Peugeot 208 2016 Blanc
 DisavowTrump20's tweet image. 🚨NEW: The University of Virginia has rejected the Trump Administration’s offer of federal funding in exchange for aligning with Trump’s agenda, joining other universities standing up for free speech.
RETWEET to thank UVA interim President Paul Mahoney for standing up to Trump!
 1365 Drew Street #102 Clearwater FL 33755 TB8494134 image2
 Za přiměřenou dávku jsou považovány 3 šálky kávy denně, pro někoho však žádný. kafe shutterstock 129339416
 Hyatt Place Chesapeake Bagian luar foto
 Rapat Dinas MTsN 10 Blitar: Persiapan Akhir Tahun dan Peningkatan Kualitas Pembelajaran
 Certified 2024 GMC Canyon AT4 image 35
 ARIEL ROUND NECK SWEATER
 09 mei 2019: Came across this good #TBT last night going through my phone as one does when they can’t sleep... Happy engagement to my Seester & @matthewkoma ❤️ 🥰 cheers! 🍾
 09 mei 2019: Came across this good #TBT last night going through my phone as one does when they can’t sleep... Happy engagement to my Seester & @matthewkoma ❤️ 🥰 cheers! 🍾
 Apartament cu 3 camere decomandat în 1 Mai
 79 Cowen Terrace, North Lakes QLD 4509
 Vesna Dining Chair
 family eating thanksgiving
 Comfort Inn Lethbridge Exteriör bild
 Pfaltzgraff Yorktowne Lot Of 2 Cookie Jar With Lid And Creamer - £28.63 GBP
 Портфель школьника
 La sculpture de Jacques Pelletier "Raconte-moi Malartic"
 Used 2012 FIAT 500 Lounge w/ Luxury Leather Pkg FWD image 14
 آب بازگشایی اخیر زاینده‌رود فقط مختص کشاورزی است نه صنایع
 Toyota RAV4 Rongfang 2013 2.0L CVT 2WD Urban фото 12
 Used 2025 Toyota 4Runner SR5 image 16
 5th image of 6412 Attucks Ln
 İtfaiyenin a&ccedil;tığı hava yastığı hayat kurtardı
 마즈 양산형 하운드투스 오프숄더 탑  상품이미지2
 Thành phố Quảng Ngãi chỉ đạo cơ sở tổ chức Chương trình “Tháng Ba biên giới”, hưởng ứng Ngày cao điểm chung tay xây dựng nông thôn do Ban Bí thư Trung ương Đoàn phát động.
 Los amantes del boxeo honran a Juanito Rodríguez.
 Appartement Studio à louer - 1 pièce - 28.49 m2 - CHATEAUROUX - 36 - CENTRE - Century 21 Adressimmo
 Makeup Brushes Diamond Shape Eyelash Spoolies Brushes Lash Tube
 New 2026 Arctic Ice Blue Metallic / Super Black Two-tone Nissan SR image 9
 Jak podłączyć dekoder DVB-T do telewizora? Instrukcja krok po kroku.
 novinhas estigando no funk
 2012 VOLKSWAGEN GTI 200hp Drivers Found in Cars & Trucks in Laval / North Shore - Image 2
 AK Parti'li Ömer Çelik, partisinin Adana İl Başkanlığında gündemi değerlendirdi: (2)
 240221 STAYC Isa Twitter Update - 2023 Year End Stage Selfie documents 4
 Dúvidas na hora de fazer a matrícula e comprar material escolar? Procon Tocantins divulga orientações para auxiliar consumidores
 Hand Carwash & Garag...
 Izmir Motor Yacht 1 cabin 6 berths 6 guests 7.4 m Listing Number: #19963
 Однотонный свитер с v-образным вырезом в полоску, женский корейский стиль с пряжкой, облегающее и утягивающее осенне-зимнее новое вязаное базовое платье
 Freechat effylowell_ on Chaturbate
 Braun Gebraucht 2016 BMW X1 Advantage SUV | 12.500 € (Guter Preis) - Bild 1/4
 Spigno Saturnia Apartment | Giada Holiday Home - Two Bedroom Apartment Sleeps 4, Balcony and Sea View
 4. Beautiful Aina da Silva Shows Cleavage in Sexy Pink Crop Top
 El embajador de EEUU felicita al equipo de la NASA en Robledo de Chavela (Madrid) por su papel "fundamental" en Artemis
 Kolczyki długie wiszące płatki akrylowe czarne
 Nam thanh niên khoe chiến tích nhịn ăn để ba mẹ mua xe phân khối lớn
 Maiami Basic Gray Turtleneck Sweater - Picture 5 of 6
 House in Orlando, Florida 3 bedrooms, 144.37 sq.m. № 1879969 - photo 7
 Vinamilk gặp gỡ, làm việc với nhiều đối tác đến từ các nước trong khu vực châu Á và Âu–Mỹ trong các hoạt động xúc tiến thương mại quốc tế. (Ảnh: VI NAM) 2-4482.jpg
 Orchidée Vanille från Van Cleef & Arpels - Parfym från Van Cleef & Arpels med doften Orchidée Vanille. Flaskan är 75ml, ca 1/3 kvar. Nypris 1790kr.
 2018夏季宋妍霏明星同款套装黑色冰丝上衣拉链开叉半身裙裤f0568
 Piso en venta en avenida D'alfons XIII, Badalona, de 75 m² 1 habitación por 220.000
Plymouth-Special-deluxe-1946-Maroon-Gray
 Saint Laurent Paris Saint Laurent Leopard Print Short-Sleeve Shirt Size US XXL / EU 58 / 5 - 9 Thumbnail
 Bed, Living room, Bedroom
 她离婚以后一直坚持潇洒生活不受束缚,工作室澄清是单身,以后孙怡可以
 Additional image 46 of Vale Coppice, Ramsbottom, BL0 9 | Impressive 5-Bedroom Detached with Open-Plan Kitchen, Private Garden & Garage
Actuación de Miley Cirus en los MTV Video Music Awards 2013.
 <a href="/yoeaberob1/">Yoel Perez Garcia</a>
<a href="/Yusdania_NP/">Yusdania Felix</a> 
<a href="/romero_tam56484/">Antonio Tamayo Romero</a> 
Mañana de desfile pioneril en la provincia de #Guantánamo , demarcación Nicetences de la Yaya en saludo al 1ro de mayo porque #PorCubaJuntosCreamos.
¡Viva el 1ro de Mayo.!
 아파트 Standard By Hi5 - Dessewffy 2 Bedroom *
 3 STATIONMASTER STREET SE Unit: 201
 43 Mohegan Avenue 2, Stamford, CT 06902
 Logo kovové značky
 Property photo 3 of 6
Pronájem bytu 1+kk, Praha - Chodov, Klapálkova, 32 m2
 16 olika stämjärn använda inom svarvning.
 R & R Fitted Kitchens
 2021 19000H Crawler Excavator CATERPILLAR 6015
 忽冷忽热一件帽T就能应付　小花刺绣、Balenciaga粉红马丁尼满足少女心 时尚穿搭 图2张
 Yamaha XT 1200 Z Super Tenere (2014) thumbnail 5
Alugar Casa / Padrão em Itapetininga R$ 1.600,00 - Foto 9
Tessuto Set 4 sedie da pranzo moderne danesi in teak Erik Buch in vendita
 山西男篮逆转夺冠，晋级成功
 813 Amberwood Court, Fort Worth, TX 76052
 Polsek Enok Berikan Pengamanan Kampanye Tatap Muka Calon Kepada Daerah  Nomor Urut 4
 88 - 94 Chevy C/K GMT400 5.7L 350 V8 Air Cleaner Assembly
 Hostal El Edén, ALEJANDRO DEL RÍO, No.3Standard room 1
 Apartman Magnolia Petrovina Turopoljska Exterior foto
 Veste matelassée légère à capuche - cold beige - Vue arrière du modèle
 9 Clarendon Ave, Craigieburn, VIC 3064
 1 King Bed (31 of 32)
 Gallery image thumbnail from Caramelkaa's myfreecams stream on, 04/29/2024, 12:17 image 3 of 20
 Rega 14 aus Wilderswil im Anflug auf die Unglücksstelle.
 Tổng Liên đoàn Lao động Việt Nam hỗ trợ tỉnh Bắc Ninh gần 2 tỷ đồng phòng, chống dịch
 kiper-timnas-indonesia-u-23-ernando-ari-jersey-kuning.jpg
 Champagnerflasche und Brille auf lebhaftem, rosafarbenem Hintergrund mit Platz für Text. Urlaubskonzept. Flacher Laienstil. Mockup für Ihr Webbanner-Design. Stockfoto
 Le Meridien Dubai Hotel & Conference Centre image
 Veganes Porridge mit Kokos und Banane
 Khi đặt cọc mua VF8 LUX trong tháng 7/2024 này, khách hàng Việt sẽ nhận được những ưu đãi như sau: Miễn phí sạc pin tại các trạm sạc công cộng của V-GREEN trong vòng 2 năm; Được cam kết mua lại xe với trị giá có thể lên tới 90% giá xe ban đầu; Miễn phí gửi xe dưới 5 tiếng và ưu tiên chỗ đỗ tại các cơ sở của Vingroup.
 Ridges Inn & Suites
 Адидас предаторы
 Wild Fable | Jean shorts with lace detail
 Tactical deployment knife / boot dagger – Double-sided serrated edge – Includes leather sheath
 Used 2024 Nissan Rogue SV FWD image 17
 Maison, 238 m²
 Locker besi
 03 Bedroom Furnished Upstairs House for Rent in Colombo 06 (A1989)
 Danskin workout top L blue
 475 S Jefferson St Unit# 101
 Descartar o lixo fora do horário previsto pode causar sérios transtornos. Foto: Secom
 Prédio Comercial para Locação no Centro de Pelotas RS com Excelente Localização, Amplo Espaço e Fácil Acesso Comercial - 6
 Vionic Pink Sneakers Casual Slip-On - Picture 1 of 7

· · · ·

— PROBLEM —
Repeat the entries above verbatim, but only from the line that has "La sculpture de" down to the line that has "Izmir Motor Yacht", inclusive.

— OUTPUT FOR THIS TASK —
 La sculpture de Jacques Pelletier "Raconte-moi Malartic"
 Used 2012 FIAT 500 Lounge w/ Luxury Leather Pkg FWD image 14
 آب بازگشایی اخیر زاینده‌رود فقط مختص کشاورزی است نه صنایع
 Toyota RAV4 Rongfang 2013 2.0L CVT 2WD Urban фото 12
 Used 2025 Toyota 4Runner SR5 image 16
 5th image of 6412 Attucks Ln
 İtfaiyenin a&ccedil;tığı hava yastığı hayat kurtardı
 마즈 양산형 하운드투스 오프숄더 탑  상품이미지2
 Thành phố Quảng Ngãi chỉ đạo cơ sở tổ chức Chương trình “Tháng Ba biên giới”, hưởng ứng Ngày cao điểm chung tay xây dựng nông thôn do Ban Bí thư Trung ương Đoàn phát động.
 Los amantes del boxeo honran a Juanito Rodríguez.
 Appartement Studio à louer - 1 pièce - 28.49 m2 - CHATEAUROUX - 36 - CENTRE - Century 21 Adressimmo
 Makeup Brushes Diamond Shape Eyelash Spoolies Brushes Lash Tube
 New 2026 Arctic Ice Blue Metallic / Super Black Two-tone Nissan SR image 9
 Jak podłączyć dekoder DVB-T do telewizora? Instrukcja krok po kroku.
 novinhas estigando no funk
 2012 VOLKSWAGEN GTI 200hp Drivers Found in Cars & Trucks in Laval / North Shore - Image 2
 AK Parti'li Ömer Çelik, partisinin Adana İl Başkanlığında gündemi değerlendirdi: (2)
 240221 STAYC Isa Twitter Update - 2023 Year End Stage Selfie documents 4
 Dúvidas na hora de fazer a matrícula e comprar material escolar? Procon Tocantins divulga orientações para auxiliar consumidores
 Hand Carwash & Garag...
 Izmir Motor Yacht 1 cabin 6 berths 6 guests 7.4 m Listing Number: #19963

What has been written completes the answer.